» DIRECTIONS: The answer is all of the data repeated exactly, with each picture omitted.

» GIVEN RECORDS:
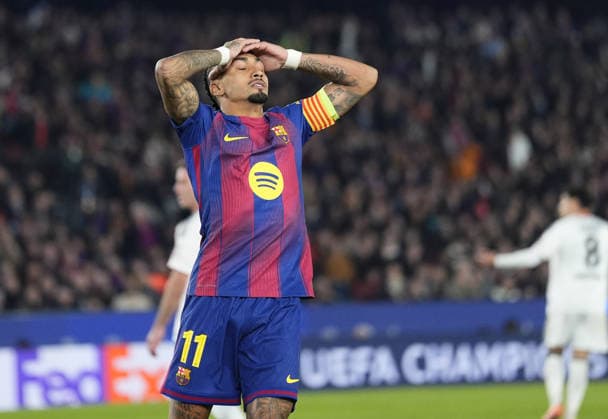 09.12.2025, xslx, Fussball UEFA Champions League, FC Barcelona, Barca - Eintracht Frankfurt v.l. Raphinha (FC Barcelona) enttaeuscht, enttaeuscht schauend, dissapointed Barcelona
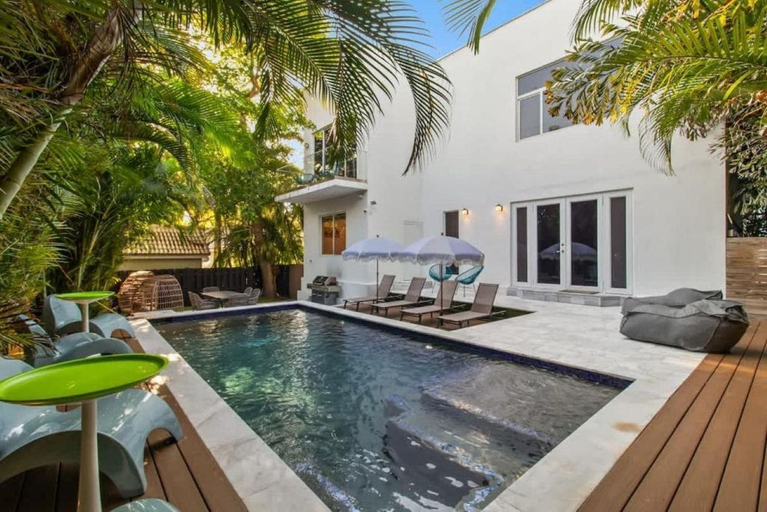 Pool 2, Chic Villa by Glam Homes, Broward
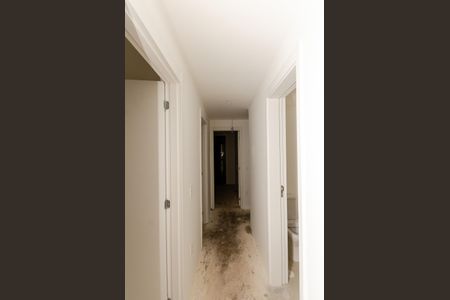 Apartamento à venda com 242m², 4 quartos e 2 vagas Apartamento à venda com 242m², 4 quartos e 2 vagasCorredor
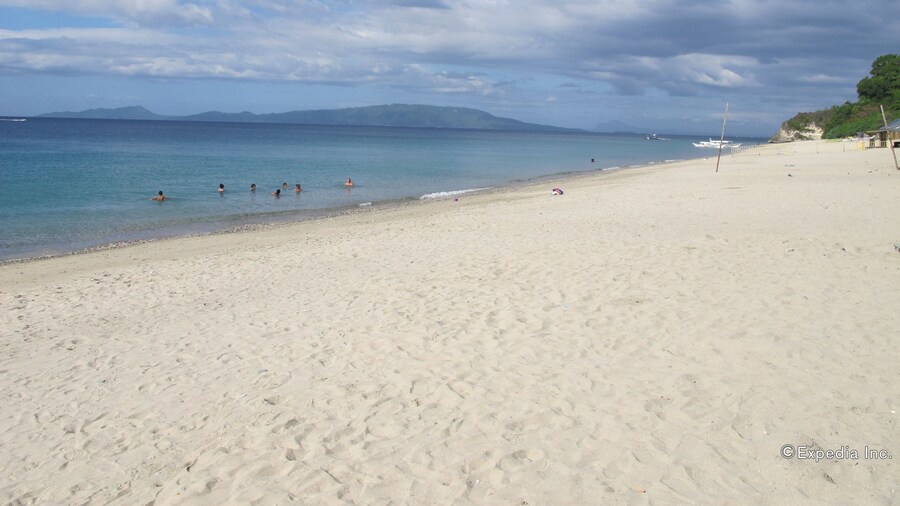 White Beach Resort Puerto Galera powered by Cocotel
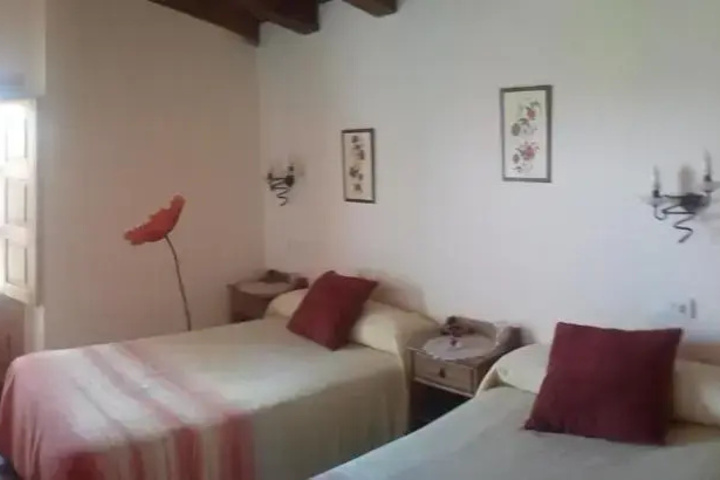 Room 3 of 12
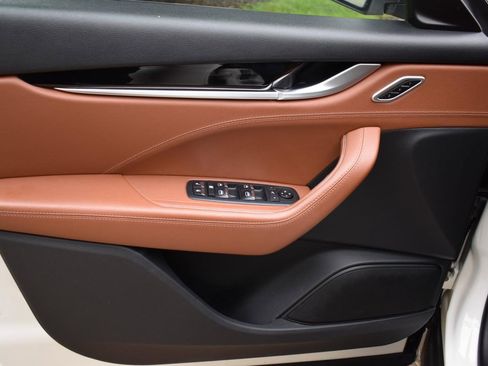 Used 2019 Maserati Levante S image 30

» EXERCISE SOLUTION:
 09.12.2025, xslx, Fussball UEFA Champions League, FC Barcelona, Barca - Eintracht Frankfurt v.l. Raphinha (FC Barcelona) enttaeuscht, enttaeuscht schauend, dissapointed Barcelona
 Pool 2, Chic Villa by Glam Homes, Broward
 Apartamento à venda com 242m², 4 quartos e 2 vagas Apartamento à venda com 242m², 4 quartos e 2 vagasCorredor
 White Beach Resort Puerto Galera powered by Cocotel
 Room 3 of 12
 Used 2019 Maserati Levante S image 30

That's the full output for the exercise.